**INSTRUCTIONS TO FOLLOW**
Omitting all images, set down every line below exactly as it appears.

(Captioned web image data)
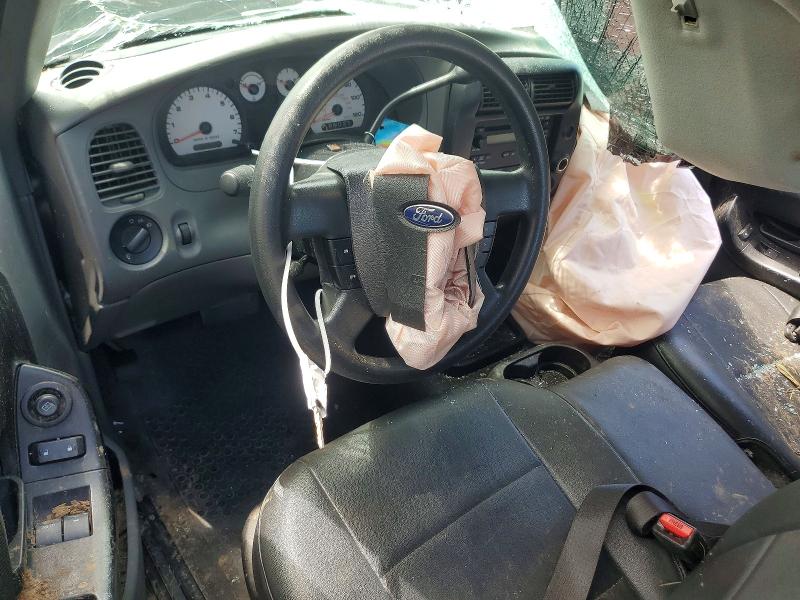 Продажа на аукционе авто 2009 Ford Ranger, vin: 1FTYR10D59PA16748, номер лота: 61818606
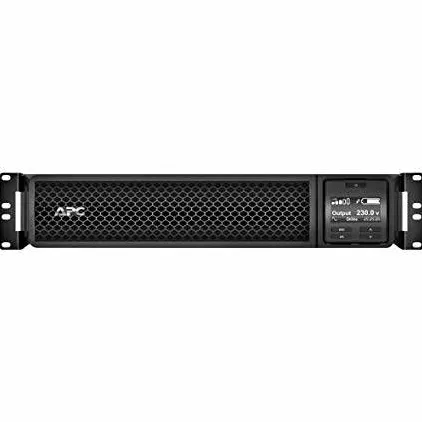 UPS APC  Smart- SRT 3000VA RM 208/230V IEC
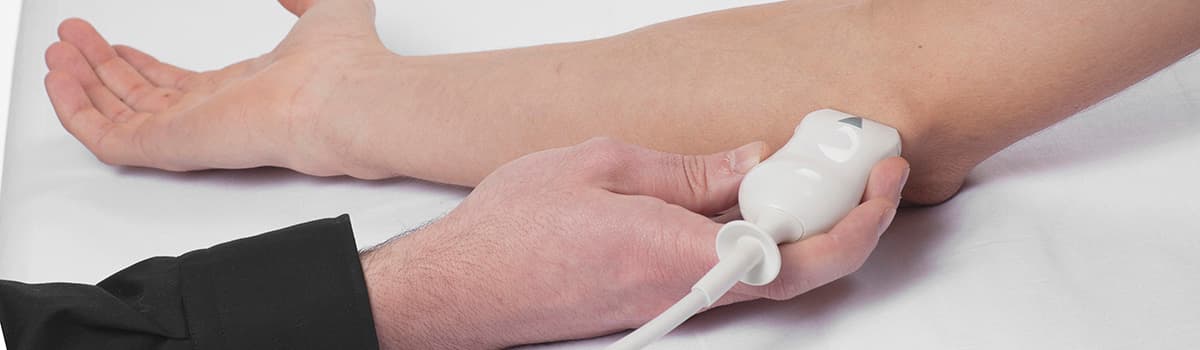 Don't Get Nervous About Elbow Nerves - MSK Ultrasound to the Rescue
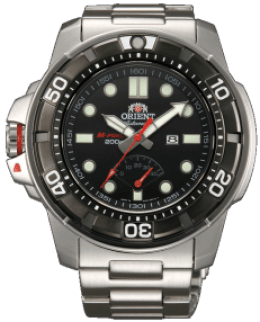Часы Orient SEL06001B0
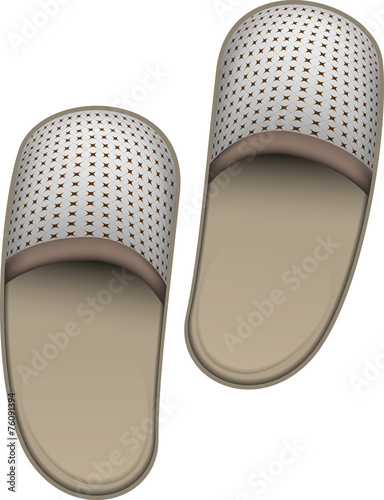 slippers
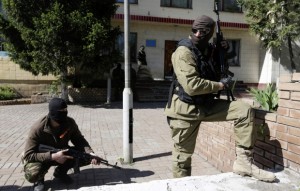 «Регистрация» ЧП в Антраците: 20% налога и проверки с автоматами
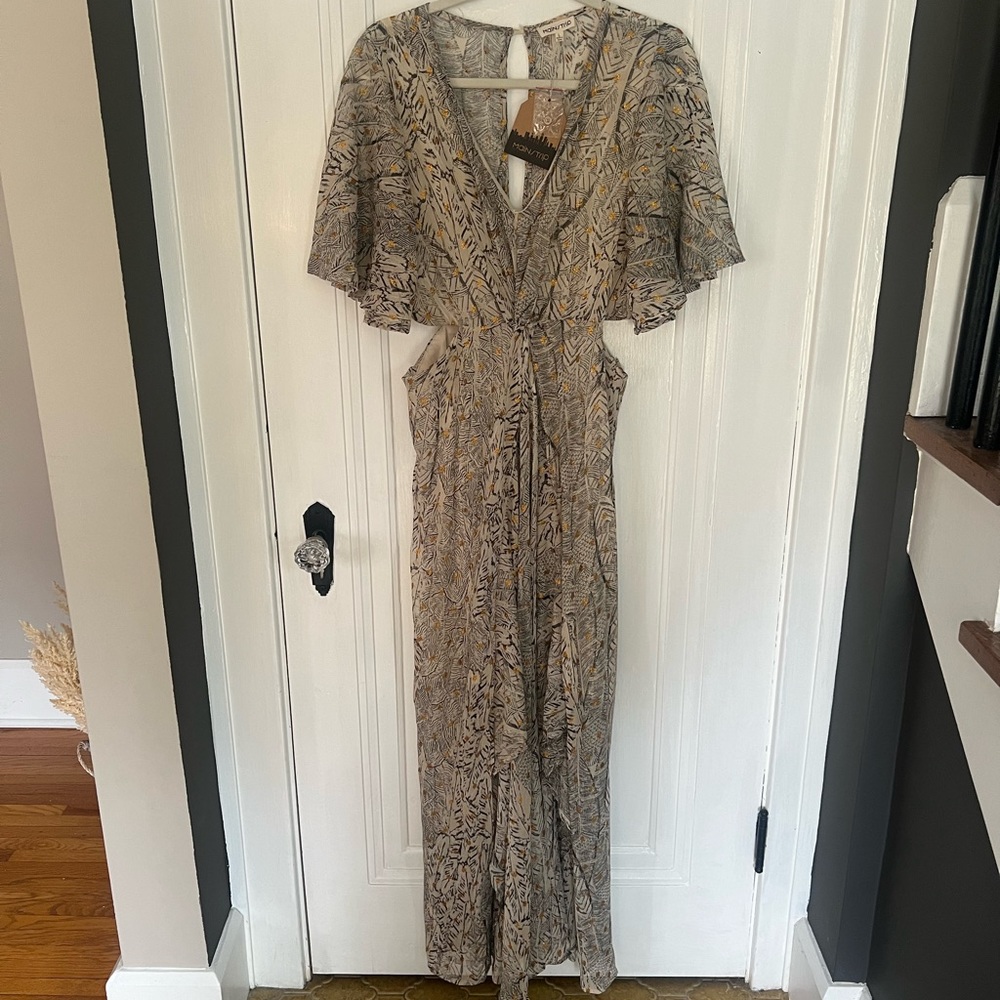 NWT Dress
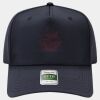 OTTO CAP® Club Collection 5 Panel Pro Style Cap Thumbnail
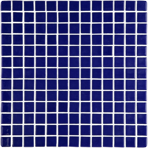 Мозаика стеклянная однотонная Ezarri Lisa 3643–D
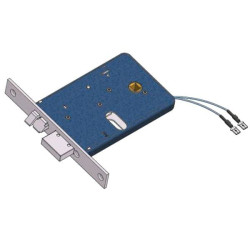 Elettroserratura omec v12 [378dx]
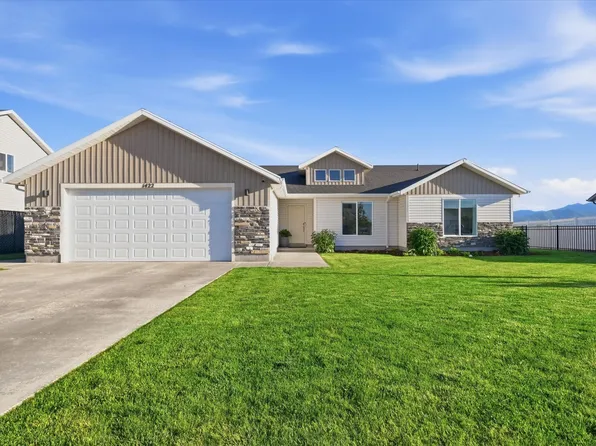 1422 W 3410 S, Nibley, UT 84321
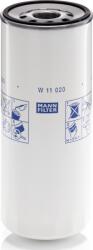 Mann-Filter Filtru ulei Mann-Filter W 11 020 (MANNFILTERW11020)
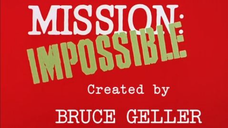 Mission Impossible S01E28 The Psychic
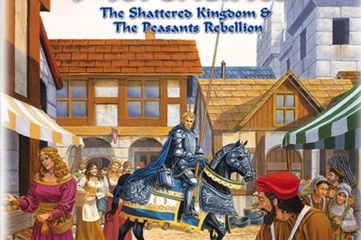 Knights and Merchants - 2012 Edition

**OUTPUT FOR THIS TASK**
 Продажа на аукционе авто 2009 Ford Ranger, vin: 1FTYR10D59PA16748, номер лота: 61818606
 UPS APC  Smart- SRT 3000VA RM 208/230V IEC
 Don't Get Nervous About Elbow Nerves - MSK Ultrasound to the Rescue
Часы Orient SEL06001B0
 slippers
 «Регистрация» ЧП в Антраците: 20% налога и проверки с автоматами
 NWT Dress
 OTTO CAP® Club Collection 5 Panel Pro Style Cap Thumbnail
 Мозаика стеклянная однотонная Ezarri Lisa 3643–D
 Elettroserratura omec v12 [378dx]
 1422 W 3410 S, Nibley, UT 84321
 Mann-Filter Filtru ulei Mann-Filter W 11 020 (MANNFILTERW11020)
 Mission Impossible S01E28 The Psychic
 Knights and Merchants - 2012 Edition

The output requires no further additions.